▶ What the task requires
The output consists only of the lines from the one with "this 468×264 image." through the end of the records, each printed exactly, and contains no pictures.

▶ Input records

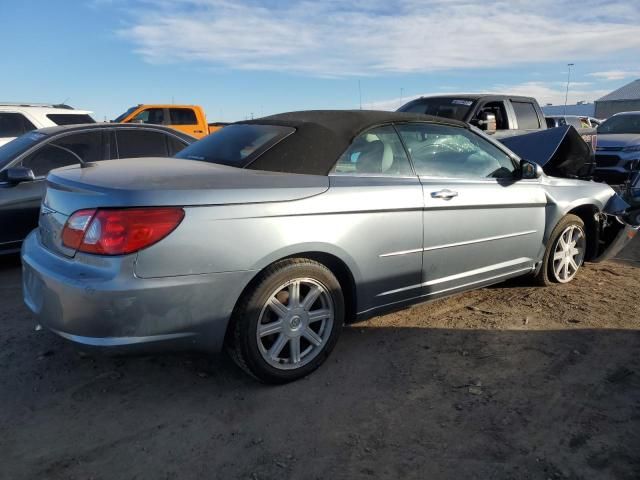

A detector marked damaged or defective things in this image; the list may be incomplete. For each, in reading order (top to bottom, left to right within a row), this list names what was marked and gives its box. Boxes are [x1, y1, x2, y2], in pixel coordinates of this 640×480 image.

crumpled hood [500, 125, 596, 180]
crumpled hood [43, 157, 330, 215]
damaged front fender [592, 193, 640, 264]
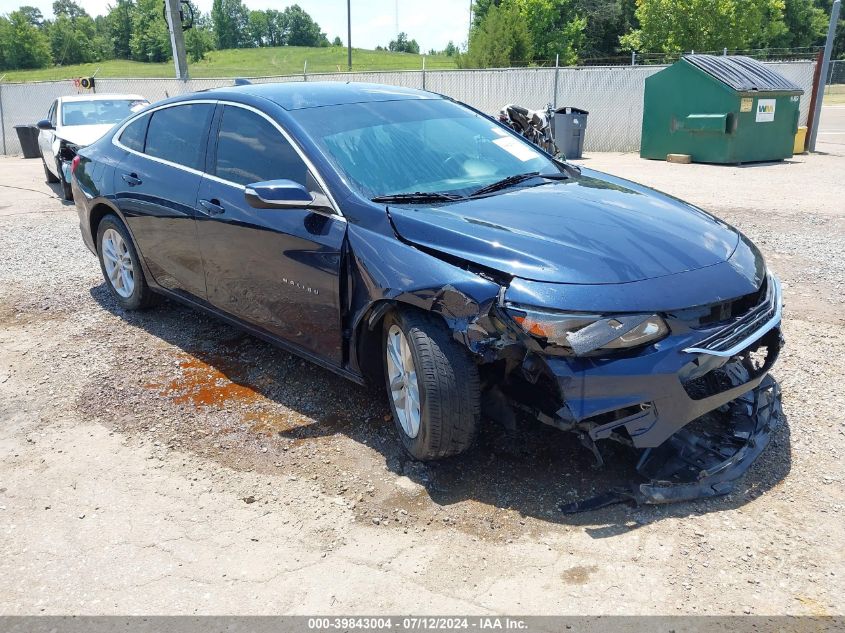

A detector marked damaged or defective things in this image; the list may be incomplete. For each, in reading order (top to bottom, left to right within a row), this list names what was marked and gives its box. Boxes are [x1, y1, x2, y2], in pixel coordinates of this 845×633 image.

damaged blue sedan [71, 82, 784, 508]
cracked headlight [504, 306, 668, 356]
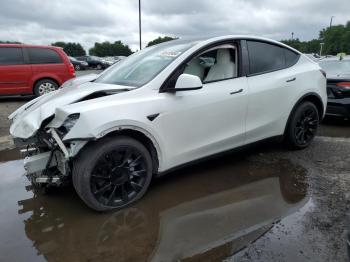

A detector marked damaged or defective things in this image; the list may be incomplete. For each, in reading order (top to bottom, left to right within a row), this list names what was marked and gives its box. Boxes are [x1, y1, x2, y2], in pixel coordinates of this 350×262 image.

crumpled hood [9, 73, 135, 139]
exposed headlight assembly [59, 113, 80, 134]
broken headlight [59, 113, 80, 135]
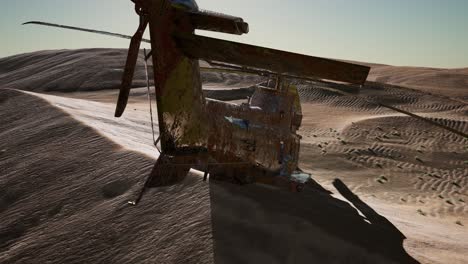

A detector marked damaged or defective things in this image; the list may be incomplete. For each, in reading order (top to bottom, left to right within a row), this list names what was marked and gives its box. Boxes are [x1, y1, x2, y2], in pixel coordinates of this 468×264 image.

rusted helicopter [25, 0, 372, 204]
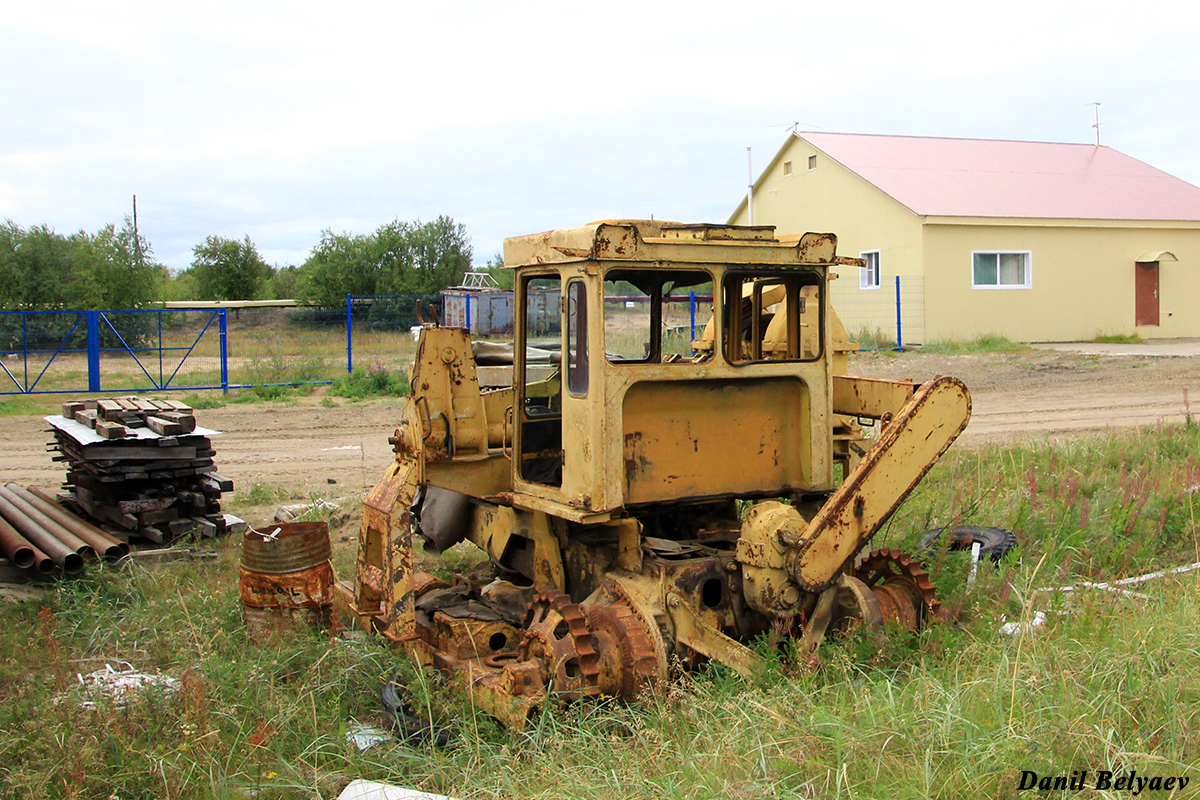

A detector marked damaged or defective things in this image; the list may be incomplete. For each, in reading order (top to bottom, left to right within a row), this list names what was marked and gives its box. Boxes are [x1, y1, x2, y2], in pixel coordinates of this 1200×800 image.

rusty barrel [238, 520, 336, 642]
rusty yellow bulldozer [333, 221, 969, 729]
rusty metal panel [624, 379, 811, 503]
rusty push arm [787, 374, 974, 587]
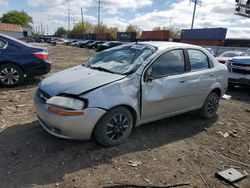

▶ Result for this exercise
A detector marked damaged or defective things in this image; the list may be incomplete. For each, in reading order (top to bottom, left to right within a row), this list names what was marked and gives its box. Boxes are [x1, y1, x2, y2], in pixel coordinates of this 468×264 image.

rusted helicopter [25, 0, 372, 204]

A detector marked damaged or defective things in this image; the list may be incomplete. For each, in reading order (top to bottom, left to right within a row), this list names what was marked and gives its box. Boxes are [x1, y1, x2, y2], in pixel coordinates of this 1200×800 image.

rusty barrel [238, 520, 336, 642]
rusty yellow bulldozer [333, 221, 969, 729]
rusty metal panel [624, 379, 811, 503]
rusty push arm [787, 374, 974, 587]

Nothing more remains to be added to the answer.